Proposal: mechanism to clear-cache on downstream change
jacksontj opened this issue · 4 comments
As it stands today trickster simply caches the responses of the downstream prometheus API. If the downstream's configuration is changed in such a way that the data behind it changes-- trickster will continue to serve "stale" data. Here are 2 example cases to highlight the problem
(1) remote_read on a single prometheus host
If the prometheus host was configured to start pulling data from a remote_read endpoint all data in the trickster cache would be missing the "new" data from the remote_read endpoint.
(2) promxy downstreams change
As these systems scale more they get more complex, a great example here is promxy. TLDR (for those that need context) promxy stitches multiple prometheus hosts data together (single API endpoint as well as "stitching" together timeseries with holes).

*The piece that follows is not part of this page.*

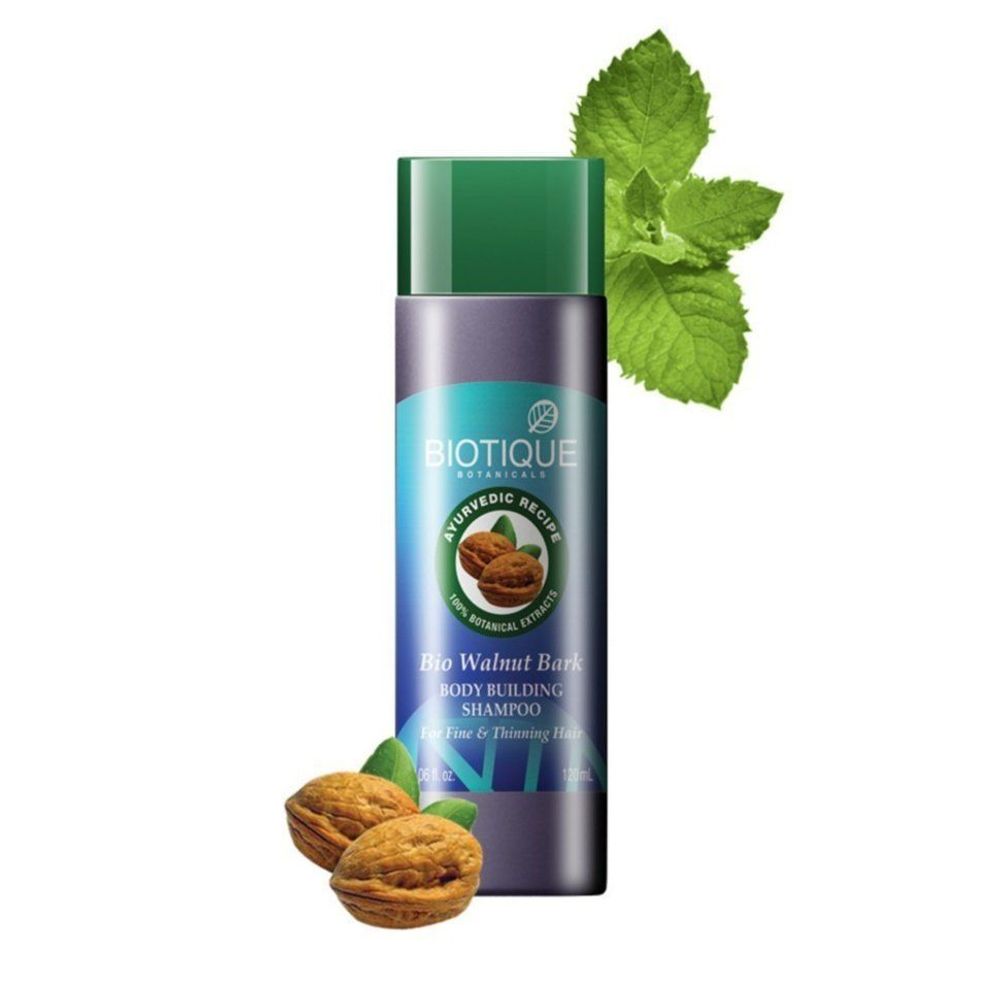 Шампунь для волос Biotique Walnut bark, 120 мл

So to set the scene:
- promxy is configured to talk to 2 prometheus hosts configured to scrape the same targets
- host 1 is missing data for a period, but promxy is stitching data with host 2 to fill the gaps
- if host 2 were to become unavailable (restart, host dies, etc.) then the data promxy returns would have "holes" in it
This fundamentally is a distributed caching problem -- since the source data isn't static. So instead of inventing a new solution, I propose we use HTTP cache headers. Specifically I'm proposing that trickster support a mix of Etag and cache headers from the downstreams -- such that the downstream can determine (1) what the cache TTL should be and (2) ETag to know when it has changed.
For example, in this world promxy could return an etag which is a sha of the current configuration/state of promxy (downstreams, availability, etc.) combined with the query. This way when the TTL expires trickster can send a request with the If-None-Match
field which gives the downstream the opportunity to either (1) return 304 -- meaning the cache entry is still good or (2) return a fresh response.

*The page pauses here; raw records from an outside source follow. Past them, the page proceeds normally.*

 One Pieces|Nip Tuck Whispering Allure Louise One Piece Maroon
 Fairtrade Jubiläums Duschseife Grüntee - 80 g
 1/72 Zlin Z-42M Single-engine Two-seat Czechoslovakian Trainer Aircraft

To be clear, this doesn't entirely remove the cache-discrepant issue, it just provides a mechanism for the downstreams to control how stale the caches get.
Hey Thomas, I have an issue opened for much of this already (#143) but not in nearly as much detail as you've provided here! Thanks!

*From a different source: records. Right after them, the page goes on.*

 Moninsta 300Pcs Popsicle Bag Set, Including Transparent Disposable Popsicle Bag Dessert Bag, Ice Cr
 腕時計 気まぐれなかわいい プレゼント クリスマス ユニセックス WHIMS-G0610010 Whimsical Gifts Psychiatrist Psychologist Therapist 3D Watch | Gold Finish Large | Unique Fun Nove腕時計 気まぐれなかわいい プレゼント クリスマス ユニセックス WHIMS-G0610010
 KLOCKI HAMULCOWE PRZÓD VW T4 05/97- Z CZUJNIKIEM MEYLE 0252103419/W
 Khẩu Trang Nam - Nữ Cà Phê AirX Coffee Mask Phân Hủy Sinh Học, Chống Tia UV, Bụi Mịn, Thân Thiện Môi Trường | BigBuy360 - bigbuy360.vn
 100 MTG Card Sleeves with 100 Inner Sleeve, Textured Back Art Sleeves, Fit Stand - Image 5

I'd like to start in 1.0 with a basic/generic reverse proxy object cache that respects all of the HTTP caching specifications, and when we have that fully vetted, we can move on to augmenting it to support evolving time series data cache management. So i think what that means is implementing #143 first, and then circling back to this issue once that part is completed. Does that sound OK to you?
One goal we have in Trickster is to support many different origin types, and not just Prometheus. We may actually launch 1.0 with support for as many as 4 origin types (including Prom, which will always be the gold standard for Trickster). With that in mind, I want to make sure any patterns we design here that are specific adaptations of what is permitted in the HTTP RFC's to support linear time series data, are done in such a way that they can be adopted easily by other solutions (e.g., possible promxy and thanos equivalents for those other origin types).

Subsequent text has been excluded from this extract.